Le IWT ne contenant pas de stipulations permettant sa suspension, la position indienne, qui n’a pas brandi la menace d’une dénonciation, interroge sur sa base légale. L’Inde n’a pas signé la Convention de Vienne sur le droit des traités de 1969 et le Pakistan, signataire, ne l’a pas ratifiée, ce qui ne devrait pas retenir de chercher un fondement dans cet acte multilatéral qui cristallise la coutume internationale dans l’ordre conventionnel. Il faudrait, donc, analyser la pertinence des prévisions de son article 60 encadrant la suspension en cas de changement fondamental de circonstances et se satisfaire d’une telle qualification juridique pour l’attaque terroriste de Pahalgam. A cet égard, il est loin d’être indifférent que l’Inde, depuis fin janvier 2023 déjà et très formellement depuis le 30 août 2024, ait notifié au Pakistan son intention de modifier le IWT en le révisant, ainsi que le permettent les stipulations de son article XII, paragraphe 3. Cette démarche était fondée, par écho à l’article 60 de la Convention de Vienne de 1969, sur trois changements fondamentaux de circonstances, dont le développement du terrorisme transfrontalier (associé aux évolutions démographiques et aux conséquences du changement climatique). L’on voit que le recours géopolitique au puissant levier stratégique de la gestion du système fluvial de l’Indus grâce à la puissance géographique induite par la localisation en amont s’inscrit dans une préparation juridique très sérieuse du côté indien.
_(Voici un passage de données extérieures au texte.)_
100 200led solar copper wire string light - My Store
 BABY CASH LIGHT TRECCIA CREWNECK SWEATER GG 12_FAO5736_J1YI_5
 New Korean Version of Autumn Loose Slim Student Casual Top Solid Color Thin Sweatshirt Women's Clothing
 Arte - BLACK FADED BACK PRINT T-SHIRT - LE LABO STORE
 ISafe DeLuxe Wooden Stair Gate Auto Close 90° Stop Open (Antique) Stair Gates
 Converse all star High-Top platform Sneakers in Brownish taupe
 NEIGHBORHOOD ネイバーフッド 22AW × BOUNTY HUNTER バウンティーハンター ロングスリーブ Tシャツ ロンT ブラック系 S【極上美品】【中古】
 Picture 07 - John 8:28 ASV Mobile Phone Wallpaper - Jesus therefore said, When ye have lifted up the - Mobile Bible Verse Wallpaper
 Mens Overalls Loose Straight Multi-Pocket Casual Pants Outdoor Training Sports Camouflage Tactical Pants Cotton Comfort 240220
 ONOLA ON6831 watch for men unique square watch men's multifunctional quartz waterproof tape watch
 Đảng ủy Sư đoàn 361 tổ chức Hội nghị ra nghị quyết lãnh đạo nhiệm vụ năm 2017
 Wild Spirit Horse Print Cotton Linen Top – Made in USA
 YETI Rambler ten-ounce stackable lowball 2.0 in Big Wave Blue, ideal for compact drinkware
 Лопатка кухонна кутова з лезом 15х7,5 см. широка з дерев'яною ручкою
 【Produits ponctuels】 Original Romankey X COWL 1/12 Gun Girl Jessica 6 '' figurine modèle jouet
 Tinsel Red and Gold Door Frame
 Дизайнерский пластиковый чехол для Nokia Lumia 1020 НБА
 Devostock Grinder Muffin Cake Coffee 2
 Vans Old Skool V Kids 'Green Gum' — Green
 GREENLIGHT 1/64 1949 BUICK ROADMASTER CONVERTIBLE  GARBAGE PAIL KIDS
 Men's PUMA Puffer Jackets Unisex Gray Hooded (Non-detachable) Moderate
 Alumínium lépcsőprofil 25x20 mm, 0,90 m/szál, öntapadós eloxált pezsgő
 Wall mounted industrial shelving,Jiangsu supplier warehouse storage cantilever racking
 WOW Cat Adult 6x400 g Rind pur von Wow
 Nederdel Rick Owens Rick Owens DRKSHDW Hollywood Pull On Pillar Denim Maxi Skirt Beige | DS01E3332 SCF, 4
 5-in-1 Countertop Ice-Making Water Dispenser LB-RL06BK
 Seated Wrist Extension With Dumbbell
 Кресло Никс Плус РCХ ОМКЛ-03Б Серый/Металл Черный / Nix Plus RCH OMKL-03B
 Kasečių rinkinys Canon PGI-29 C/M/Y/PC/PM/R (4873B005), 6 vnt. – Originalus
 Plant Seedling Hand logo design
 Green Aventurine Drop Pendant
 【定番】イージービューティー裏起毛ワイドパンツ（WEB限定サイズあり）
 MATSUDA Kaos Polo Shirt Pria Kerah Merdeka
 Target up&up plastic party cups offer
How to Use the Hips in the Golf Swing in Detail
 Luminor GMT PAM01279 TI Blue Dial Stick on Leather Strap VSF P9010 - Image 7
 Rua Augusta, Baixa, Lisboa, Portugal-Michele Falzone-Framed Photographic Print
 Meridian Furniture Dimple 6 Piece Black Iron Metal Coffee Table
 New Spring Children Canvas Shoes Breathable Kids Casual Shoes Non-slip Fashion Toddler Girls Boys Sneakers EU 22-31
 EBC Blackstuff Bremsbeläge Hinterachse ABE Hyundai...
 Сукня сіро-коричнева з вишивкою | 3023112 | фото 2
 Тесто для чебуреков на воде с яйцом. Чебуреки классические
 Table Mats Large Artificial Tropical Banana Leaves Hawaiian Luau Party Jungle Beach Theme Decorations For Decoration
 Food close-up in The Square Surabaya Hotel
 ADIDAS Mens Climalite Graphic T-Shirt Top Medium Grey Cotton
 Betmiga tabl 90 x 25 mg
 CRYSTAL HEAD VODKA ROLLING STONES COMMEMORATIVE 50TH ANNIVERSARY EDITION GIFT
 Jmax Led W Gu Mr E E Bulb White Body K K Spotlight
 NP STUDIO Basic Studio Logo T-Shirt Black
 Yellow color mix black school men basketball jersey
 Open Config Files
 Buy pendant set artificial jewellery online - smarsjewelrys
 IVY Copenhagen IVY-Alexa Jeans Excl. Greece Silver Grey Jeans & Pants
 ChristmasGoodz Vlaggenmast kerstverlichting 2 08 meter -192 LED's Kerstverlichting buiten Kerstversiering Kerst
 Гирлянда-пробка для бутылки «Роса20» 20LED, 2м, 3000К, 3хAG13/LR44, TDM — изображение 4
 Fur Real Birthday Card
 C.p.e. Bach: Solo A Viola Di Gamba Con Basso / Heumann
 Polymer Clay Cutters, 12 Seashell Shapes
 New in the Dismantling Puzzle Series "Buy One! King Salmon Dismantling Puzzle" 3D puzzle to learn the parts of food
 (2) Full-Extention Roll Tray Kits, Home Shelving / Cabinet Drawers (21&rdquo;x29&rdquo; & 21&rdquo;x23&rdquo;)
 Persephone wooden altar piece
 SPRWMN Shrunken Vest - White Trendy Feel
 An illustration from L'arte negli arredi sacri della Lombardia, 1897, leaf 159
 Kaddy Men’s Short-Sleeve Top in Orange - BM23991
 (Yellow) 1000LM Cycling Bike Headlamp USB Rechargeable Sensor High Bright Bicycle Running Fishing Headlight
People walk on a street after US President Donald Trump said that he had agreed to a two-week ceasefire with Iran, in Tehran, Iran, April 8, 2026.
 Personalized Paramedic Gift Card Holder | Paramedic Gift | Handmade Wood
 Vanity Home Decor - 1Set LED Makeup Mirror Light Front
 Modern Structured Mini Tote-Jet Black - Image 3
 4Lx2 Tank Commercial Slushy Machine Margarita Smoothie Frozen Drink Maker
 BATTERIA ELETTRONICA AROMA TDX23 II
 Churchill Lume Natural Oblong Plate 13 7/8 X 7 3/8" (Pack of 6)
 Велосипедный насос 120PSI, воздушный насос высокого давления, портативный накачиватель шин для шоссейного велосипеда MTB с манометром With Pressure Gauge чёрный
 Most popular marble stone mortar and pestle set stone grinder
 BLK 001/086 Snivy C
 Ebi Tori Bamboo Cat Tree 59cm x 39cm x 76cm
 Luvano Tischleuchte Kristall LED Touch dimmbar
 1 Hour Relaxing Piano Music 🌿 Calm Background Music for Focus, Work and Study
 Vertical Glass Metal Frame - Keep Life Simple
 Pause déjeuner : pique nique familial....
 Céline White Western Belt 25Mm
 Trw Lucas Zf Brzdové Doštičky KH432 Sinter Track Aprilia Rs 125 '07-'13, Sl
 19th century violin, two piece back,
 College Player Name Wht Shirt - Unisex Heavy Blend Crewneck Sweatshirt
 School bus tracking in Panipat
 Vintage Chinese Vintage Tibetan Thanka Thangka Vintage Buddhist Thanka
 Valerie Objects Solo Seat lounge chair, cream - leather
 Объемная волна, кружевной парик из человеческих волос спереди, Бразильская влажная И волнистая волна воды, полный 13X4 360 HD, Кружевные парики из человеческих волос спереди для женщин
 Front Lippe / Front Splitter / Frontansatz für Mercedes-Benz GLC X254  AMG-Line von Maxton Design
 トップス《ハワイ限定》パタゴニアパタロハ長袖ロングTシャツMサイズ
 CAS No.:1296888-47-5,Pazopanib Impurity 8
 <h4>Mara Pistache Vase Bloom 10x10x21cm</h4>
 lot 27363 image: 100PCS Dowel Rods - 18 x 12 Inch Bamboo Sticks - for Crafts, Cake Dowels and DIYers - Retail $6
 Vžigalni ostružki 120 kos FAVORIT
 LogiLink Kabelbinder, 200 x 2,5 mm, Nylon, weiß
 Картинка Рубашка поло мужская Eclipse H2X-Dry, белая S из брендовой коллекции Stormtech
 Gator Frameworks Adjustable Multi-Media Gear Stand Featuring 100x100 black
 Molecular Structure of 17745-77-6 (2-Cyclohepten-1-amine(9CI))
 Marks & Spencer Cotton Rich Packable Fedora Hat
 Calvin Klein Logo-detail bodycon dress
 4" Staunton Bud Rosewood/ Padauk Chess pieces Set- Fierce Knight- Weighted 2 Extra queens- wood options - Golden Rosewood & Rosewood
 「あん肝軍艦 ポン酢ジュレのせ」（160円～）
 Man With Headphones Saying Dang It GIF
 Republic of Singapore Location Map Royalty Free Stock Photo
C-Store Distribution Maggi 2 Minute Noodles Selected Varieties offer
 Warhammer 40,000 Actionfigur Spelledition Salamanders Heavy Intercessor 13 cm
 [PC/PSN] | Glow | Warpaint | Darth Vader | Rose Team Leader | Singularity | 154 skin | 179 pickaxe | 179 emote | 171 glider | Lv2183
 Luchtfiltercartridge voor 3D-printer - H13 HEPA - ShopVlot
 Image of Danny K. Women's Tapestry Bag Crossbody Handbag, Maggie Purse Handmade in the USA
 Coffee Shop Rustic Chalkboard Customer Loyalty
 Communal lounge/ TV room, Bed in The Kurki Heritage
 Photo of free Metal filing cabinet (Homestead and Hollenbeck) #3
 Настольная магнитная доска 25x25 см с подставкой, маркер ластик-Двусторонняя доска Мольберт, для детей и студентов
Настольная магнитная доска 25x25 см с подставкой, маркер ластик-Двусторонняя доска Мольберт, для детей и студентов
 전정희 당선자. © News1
Jusqu’à présent le IWT a pu franchir les sérieux écueils des guerres indo-pakistanaises de 1965 (jeu à somme nulle au Kashmir), de 1971 (indépendance du Bangladesh), depuis avril 1984 autour du glacier de Siachen (aux confins du Ladakh dans le Karakoram) et de 1999 (autour du Kashmir à Kargil) : la Commission bilatérale permanente de l’Indus (article VIII) a fonctionné et les organes technique ou arbitral de règlement des différends techniques ou des litiges (article IX) ont globalement bien répondu aux contestations réciproques (voir, entre autres,  la contestation du projet indien de barrage sur la Jhelum à l’orée du lac Wullar).  La crise actuelle met en lumière la fragilité face à l’urgence d’un mécanisme conventionnel témoignant d’une coopération internationale intégrative entre ennemis. Il n’existe aucun organe apte à statuer à titre conservatoire à bref délai ou à imposer des mesures temporaires d’urgence.  Ce qui laisse la place à l’action géopolitique immédiate, en attendant la future heure du droit. Le Premier ministre Jawaharlal Nehru pensait avoir « acheté la paix » en signant le IWT.  Son successeur Narendra Modi s’efforce d’en faire un efficace instrument du rapport de force pour la rétablir.